An antlered stag moves quickly across my path.  He is thick and grey and furried, not especially afraid of me. This is his home, not mine.  I hear the deep hoot of an owl and call back, but he is silent. Woodpeckers tap and birds chirp high in the trees as I approach the boardwalk and pier over Weston Lake, an oxbow of the Congaree.  I have been here before and saw countless turtles, yellow bellied and snapping just floating up and down below.  No turtles today, but coming down from the pier, a black piglet, the size of my cocker spaniel, jumps up and runs to the safety of his family.  Later the ranger tells me that a piglet is called a shoat and the group of boars is called a sounder.  There are six or eight shoats and as many large boars. Most of them are black, or dark gray and brown, but there is one middle sized boar that is bright red like a fox. Long ago, the ancestors of these pigs were brought here, some from Germany, for hunting. The ranger tells me that now they are infested with pseudo rabies and  brusolosis.  There is a management plan for them.  They look at me and walk a few steps away, rooting up the ground.

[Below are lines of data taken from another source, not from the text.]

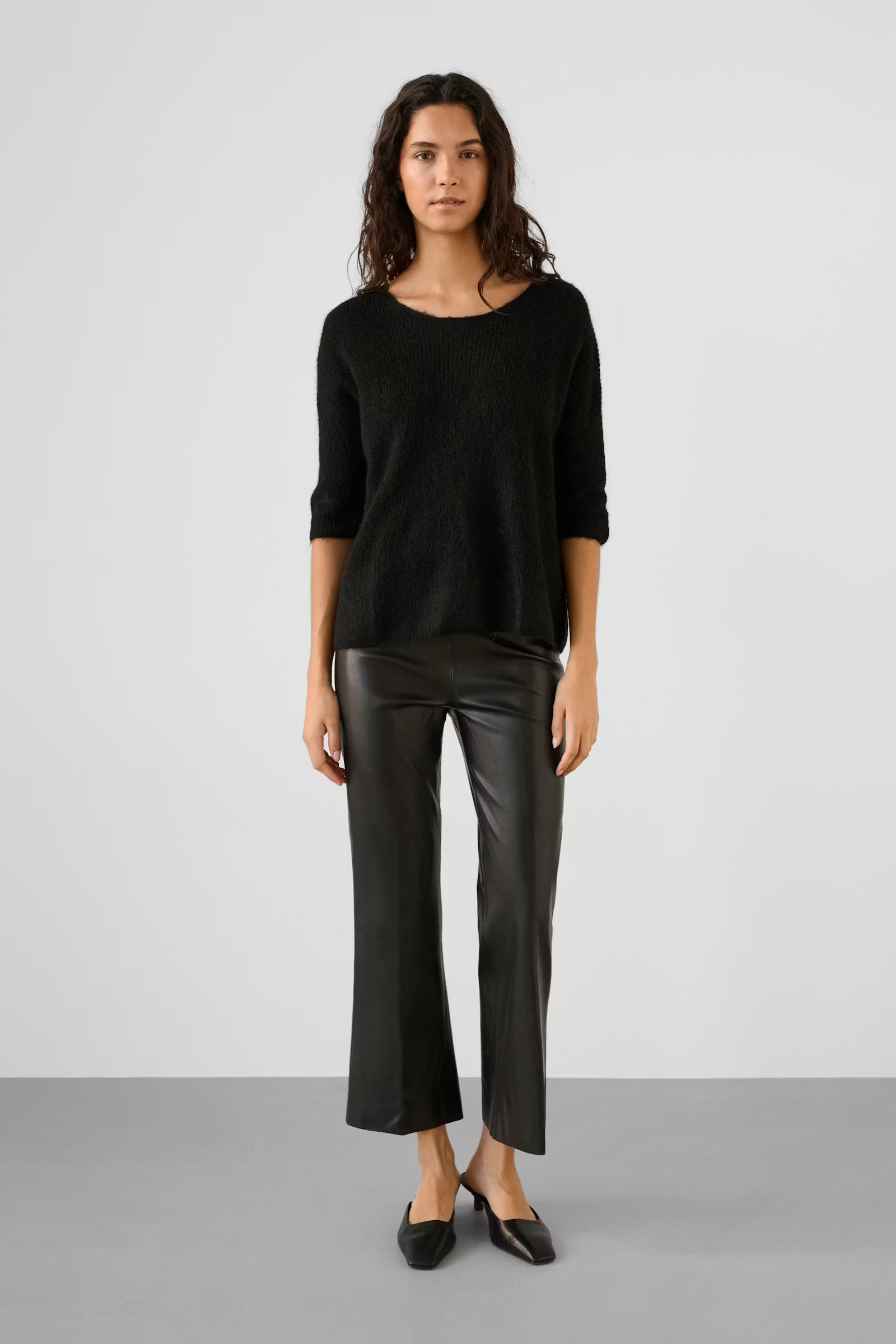 Woman wearing a black sweater and leather pants on a white background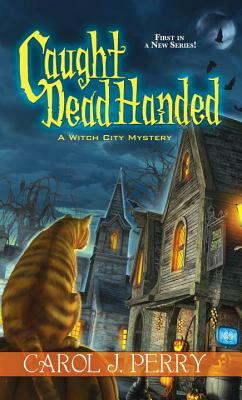 Caught Dead Handed by Carol J. Perry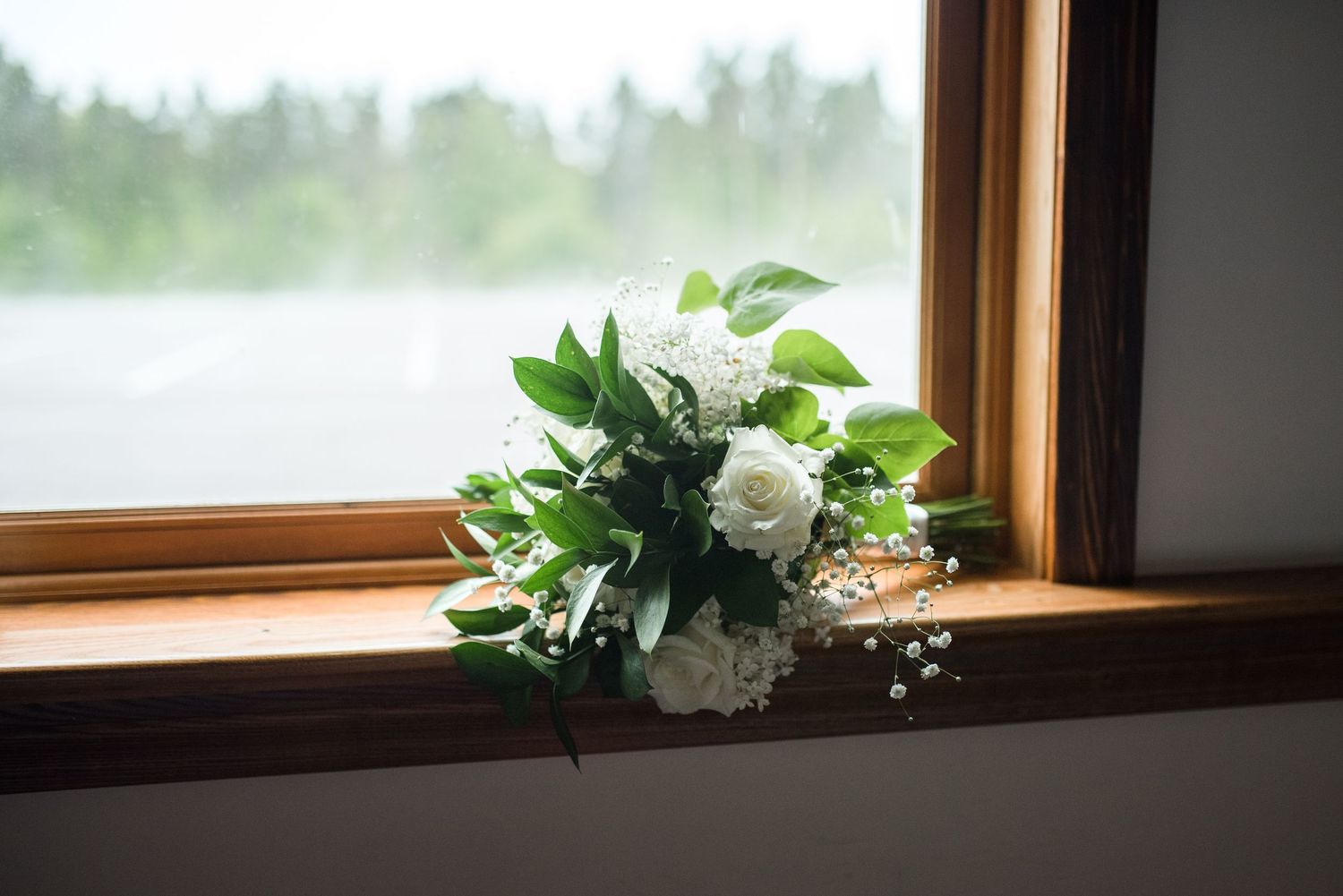 Small white rose and greenery bridal bouquet resting on wooden windowsill with soft natural light.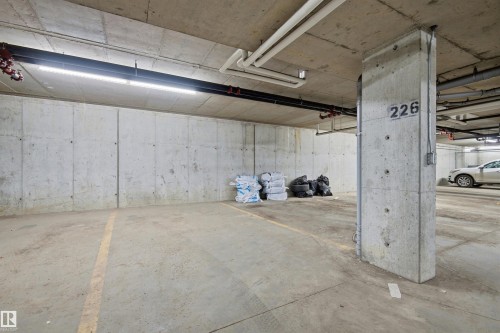 Dedicated parking stall 226 featuring concrete walls and ceiling, overhead lighting, and visible utility conduits - 435 5515 7 Avenue, Edmonton, AB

Nearing the Park Center again, I talk to a German family about the boars and then I meet a Japanese family with two small children dressed in Halloween skeleton costumes under their jackets.  The little girl holds my walking stick to inspect it.  The little boy talks to Momie-San in English and Japanese.  I have had my solitary walk, but now I can hear the loud noise of thousands of quacking geese nearby.  It is actually one hundred and twenty school children from Rice Elementary in Hardscrabble having a picnic lunch before they take the trails and see the movie.

High on the wall over the water fountains is a Mosquito Meter, something like the old arrow pointing to the numbered floors an elevator reached. 1 = All Clear  2 = mild  3 = moderate 4 = severe 5 = ruthless 6 = war zone.  I take my hiking stick and move the arrow from just over All Clear to between mild and moderate.

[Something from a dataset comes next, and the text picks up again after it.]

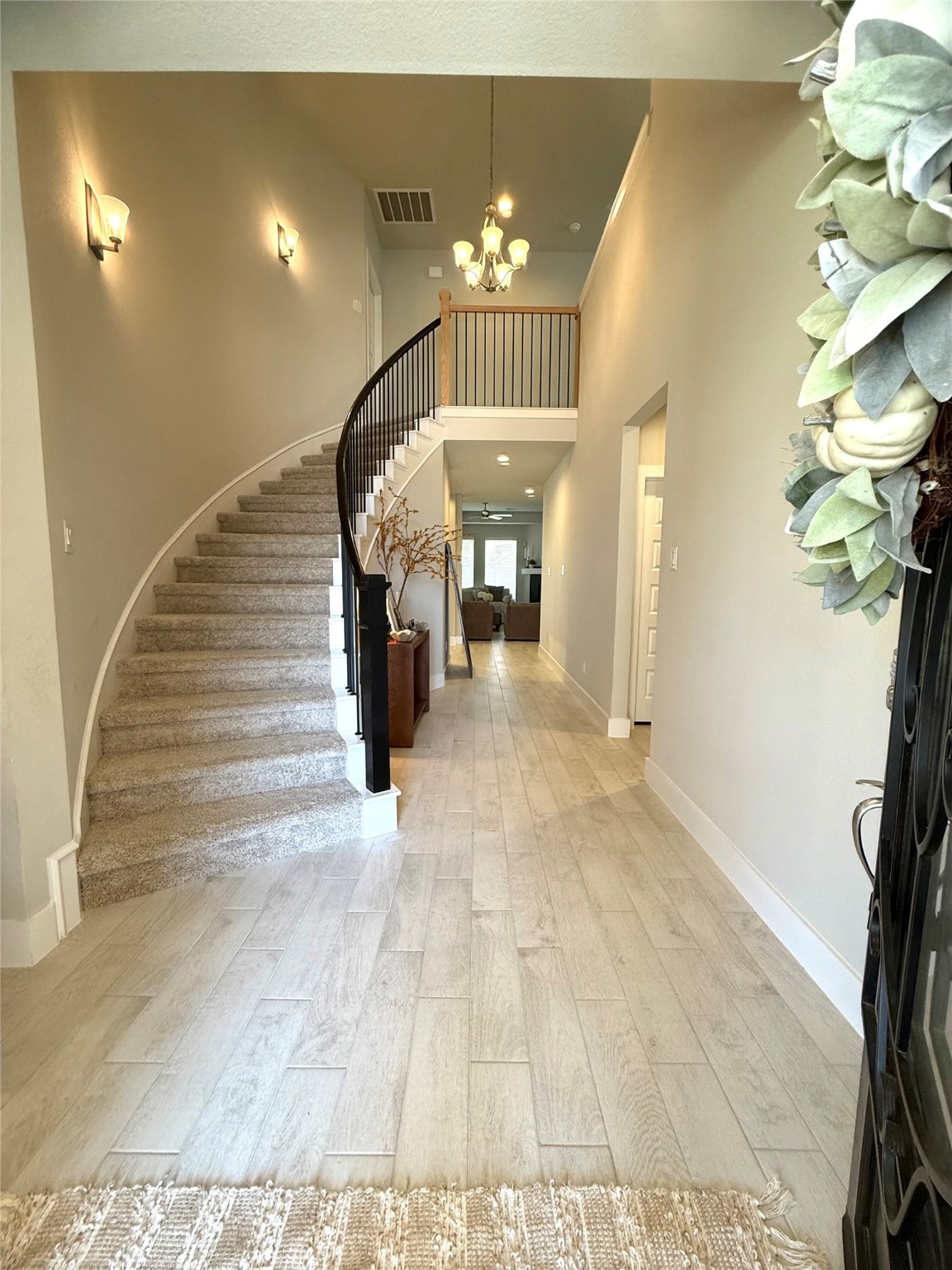 408 Hampton Edge Lane Waller, TX 77484 - Photo 5 of 16 a view of a hallway with a chandelier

The Congaree floodplain was once a wild place where fierce, wild and unbroken slaves escaped from plantations, slave owners and others who tried to capture them. At the nearby place where the Congaree and the Wateree meet, they set up a Maroon village, preserving some of their African culture and adapting to their circumstances.To this day, some of their descendants abide in this beautiful wild place.

Wednesday, October 22, 2014

October 21, 2014 Love Locks at Dreher Shoals Dam

Exit I-26 just above Columbia onto Lake Murray Blvd (exit 1) West. Drive just a few miles into Lexington County.  Dreher Shoals Dam holds back Lake Murray from drowning the City of Columbia.. Only in the past decade, the Army Corps of Engineers found the old dam to be so faulty that if there had been an earthquake or a severe hurricane, it could have burst and flooded Columbia, so it has been rebuilt and with the rebuilding came a 1.5 mile walk, named after Johnny W. Jeffcoat, along the dark deep waters of Lake Murray.  South Carolina Electricity and Gas asks for a fee from April 1 to September 30, but now it is free to park, or even to bring your boat to launch. (After the dam on the right is also Lexington County Public Park).

In the distance there are islands (one is named Lunch Island) where in World War II pilots learned to bomb and drop incendiary devices.  Five B25's went into the deep. Four were later brought up and salvaged, leaving one rare B25C left to find and restore in 2005.  Now that war is long off.  The remaining soldiers and pilots are growing very old.

From the top of the dam on this cool early morning, I see the blue silhouette of downtown Columbia. Across the road, the concrete bunker of the dam rises with two dozen vultures resting on its parapet.  Others circle in the morning haze.

Approaching the far side of the walkway, there is a 15 foot chain link fence with countless tiny glittering sparklers covering it.  They look like the tiny schools of silver fish flashing up from creeks.  When I arrive at the fence, I see that the silver sparklers are locks and chains. The locks  have the names of people on them, sometimes even a photograph, a date.  The occasional chains are attached in the shape of hearts.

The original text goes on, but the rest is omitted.